By rttrek on 4/15/2013 2:36:19 PM , Rating: 3
the power output of the Saturn V 1st stage is roughly 60 GigaWatts

Which is also almost three times the power required to propel a DeLorean through time!

RE: ArsTechnica...
By titanmiller on 4/15/2013 10:58:56 PM , Rating: 2
Almost 30 times...

RE: ArsTechnica...
By FishTankX on 4/16/2013 5:47:10 PM , Rating: 2
Rocket engines develop crazy power that's for sure. Another interesting one I saw was that. A747 outputs 140mw so the saturn outputs the same as about 330 747s. Another mind boggling one I saw was the tsar bombs hydrogen bomb when it exploded released about 30YW. Which is about 30,000,000,000,000,000,000,000,000 watts or one tenth the power output of the sun.

RE: ArsTechnica...
By JKflipflop98 on 4/18/2013 6:29:47 AM , Rating: 2
There's no way any man made device reached a power output of 1/10th of the sun.

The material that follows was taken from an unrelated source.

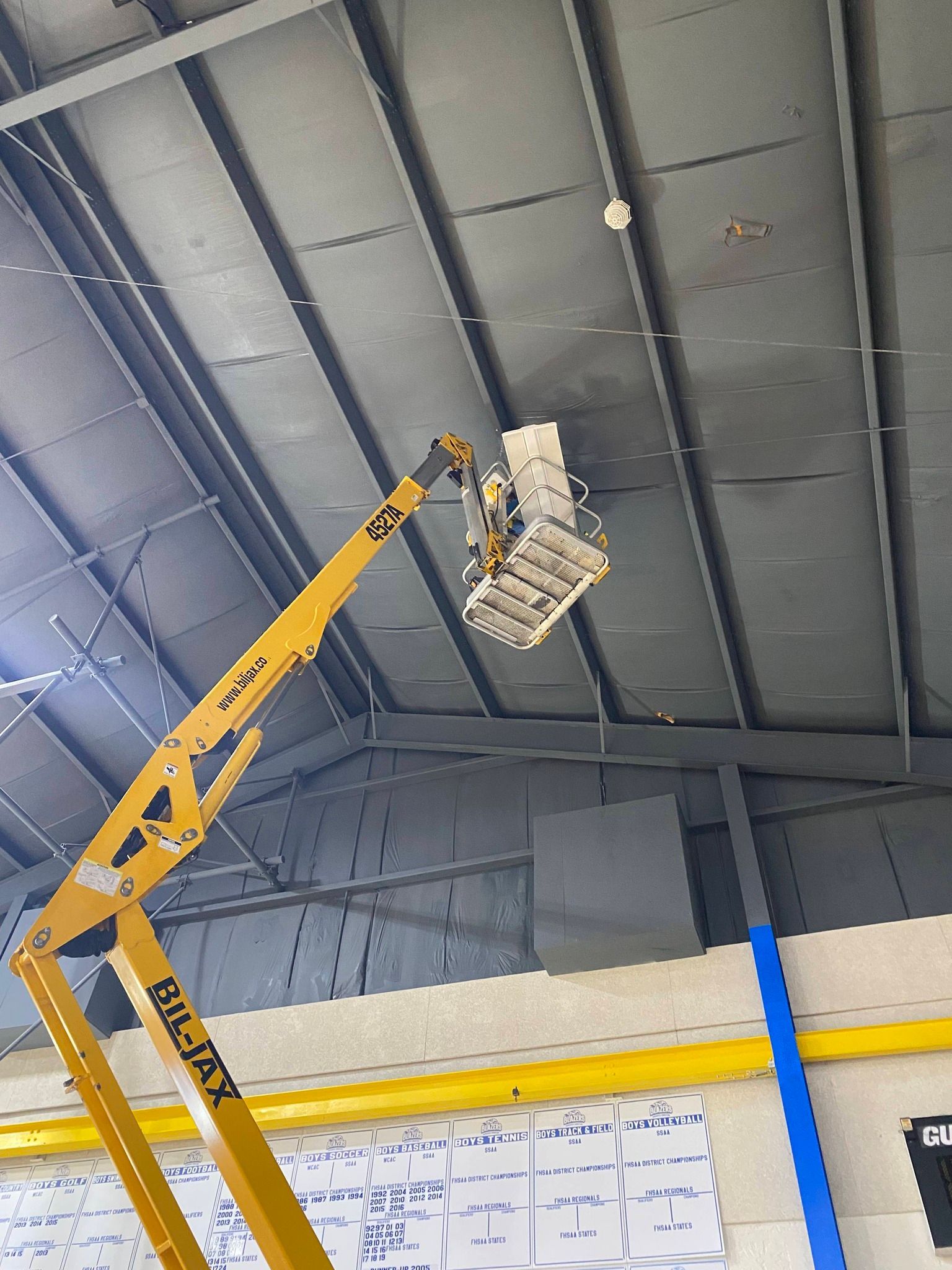 Yellow boom lift raised to a warehouse ceiling with a worker in the basket.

The Earth would be blown to ashes.

RE: ArsTechnica...
By ShieTar on 4/23/2013 3:03:39 AM , Rating: 2
As a peak power, that's actually quiet possible. But it would only act for a very tiny fraction of a second. It lies in the functional principle of a bomb to generate a lot of power in the very short time before the power destroys the bomb, and the exponential reaction in a nuclear bomb does most of its work in the last nanosecond of its existence.
Of course the overall energy generated of about 240 PJ is nothing compared to the energy output of the sun with about 380 billion PJ per second.
You can also buy laboratory lasers which output close to 1 GW of peak power, but that is focused in femto-second pulses, and the overall energy is still low enough to stop the beam with a piece of aluminum foil.